The poems that were once here but are not here any longer. Maybe poems have a life of their own. We might take them for granted and think that once they were born they will always be, but sometimes some of them have to go. Maybe some of them come with a have-it-off-by date. Now it makes sense why some of the things I have written time ago are so distant I can't read them anymore. Not all poems are timeless, I suppose. And forests, well, we know what happens to them while we are asleep....

Simon Howard said...

"the poems that were
once here but are not here any longer,
remembering each other."

What I find lovely about those lines is the idea of the poems "not here any longer" reciprocally remembering those that are: there's a fascinating & tender flux of location & temporality.

"now that Silly has become the new serious"

“the advertisement never blinks before its victim”

it's going over to the enemy, under the sign of a fake avant-garde (& emphatically not to be conflated with Dadaism, whatever its practitioners might claim).

TC said...

Oh yes, Simon, of course the New Smiley-Face Affluent Avant would conflate itself with Dada or indeed anything that's useful in building the portfolio of bogus credentials required to impress the hasty and the foolish with its own specious claim to historical importance. The assumption upon which it is based: that no one has actually read anything not officially promulgated by the latest wave of administrators, and will never be tempted to do so (too much trouble). Triumphalism however in any context or epoch has the same modus. Back of the fake smile there is always the leer of the winner. Anthology editors and committees and the rest of the arts industry lot can't fall over themselves fast enough in their haste to stamp this tiresome little in-joke of a "movement" with the patina of a bankable authenticity.

What the poems seem to be whispering to each other there in the forest deep is hard to make out, now, a barely audible murmur. The elegiac samizdat of the underwoods, remembering a time before...

De Villo Sloan said...

Simon Howard is very perceptive, I think, to label Flarf a "fake avant-garde." We know DaDa was a fierce critique of the destructive mechanisms built into the fabric of Western culture, as were other 20th century movements, not to forget those Ezra Pound launched.

I see Flarf as just another inevitable result of the frightening expansion of the creative writing programs in the USA that have appropriated and institutionalized poetry, cutting it off from real human activity outside the academy where innovation always begins.

Each year hundreds of people are handed degrees saying some college or university certifies them poets and fiction writers. The whole thing has become a pyramid scheme to keep the scam going. I cannot blame the kids who succumb to the marketing and outrageous promises.

In a "free society" such as ours you need a fake avant garde so, for instance, you can invite "radical" poets to the White House and show the world how tolerant and open you are.

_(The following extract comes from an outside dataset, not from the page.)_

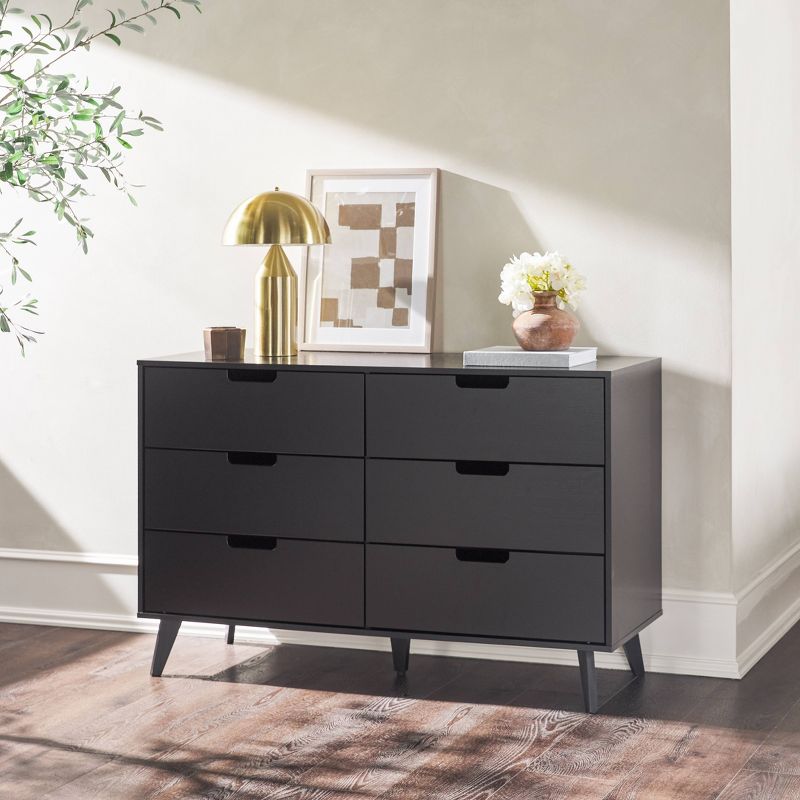 Simple Cut Out Handles 6 Drawer Dresser - Saracina Home, 1 of 7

When your "radicals" come off the Ivy League assembly line into tenured chairs (often funded by corporations no less), you know no one is going to spoil the party or misbehave too much.

Personally, Flarf and the military-industrial-university literary complex do not bother me. Behind the smoke and mirrors, I do not believe things are going particularly well for those folks.

STEPHEN RATCLIFFE said...

So true, alas, as De Villo Sloan writes, -- "Each year hundreds of people are handed degrees saying some college or university certifies them poets and fiction writers. The whole thing has become a pyramid scheme to keep the scam going. I cannot blame the kids who succumb to the marketing and outrageous promises."

TC said...

Ancient fevered head nods sadly in agreement... (grey day, swirling wind blowing old trees around).

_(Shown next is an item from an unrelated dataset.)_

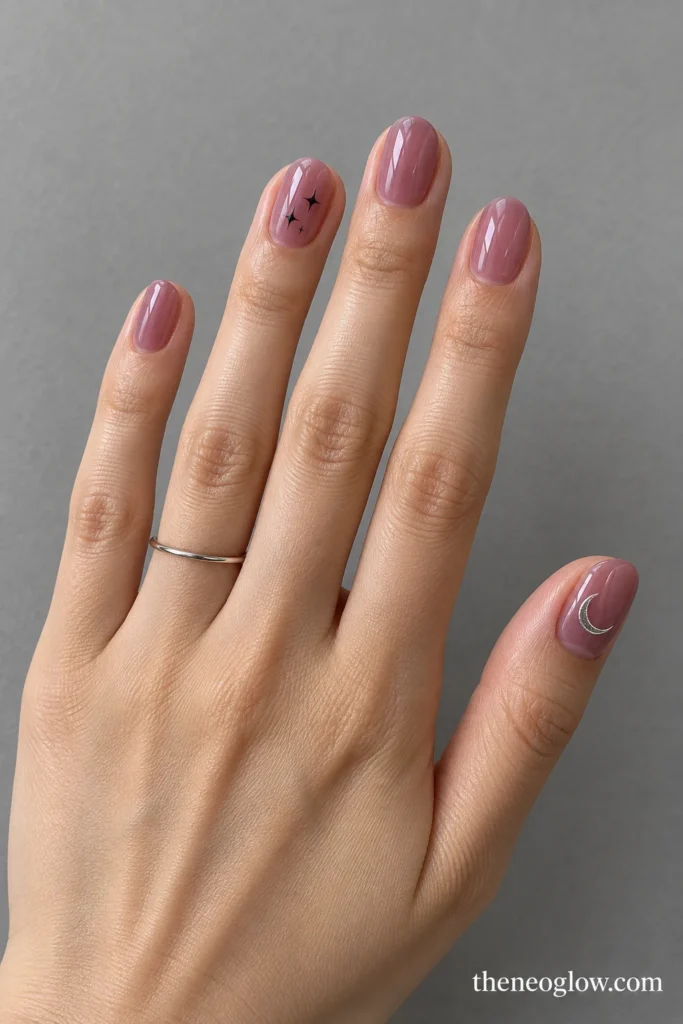 Short mauve jelly oval nails with a silver crescent and a separate black star accent.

"Pyramid scheme" (spot-on) made me think of this:

Nothing In Return: T-Bone Burnett (from Where the Pyramid Meets the Eye: A Roky Erickson Tribute)

vazambam (Vassilis Zambaras) said...

In the meantime, all those wanting to solve the world’s greatest mystery are hereby requested to send all gifts of appreciation and correspondence to where the pyramid meets the eye: http://www.thetp.com/ypyramid.htm
Scroll (as in the Dead Sea) down to the address of the Purveyor of The Truth.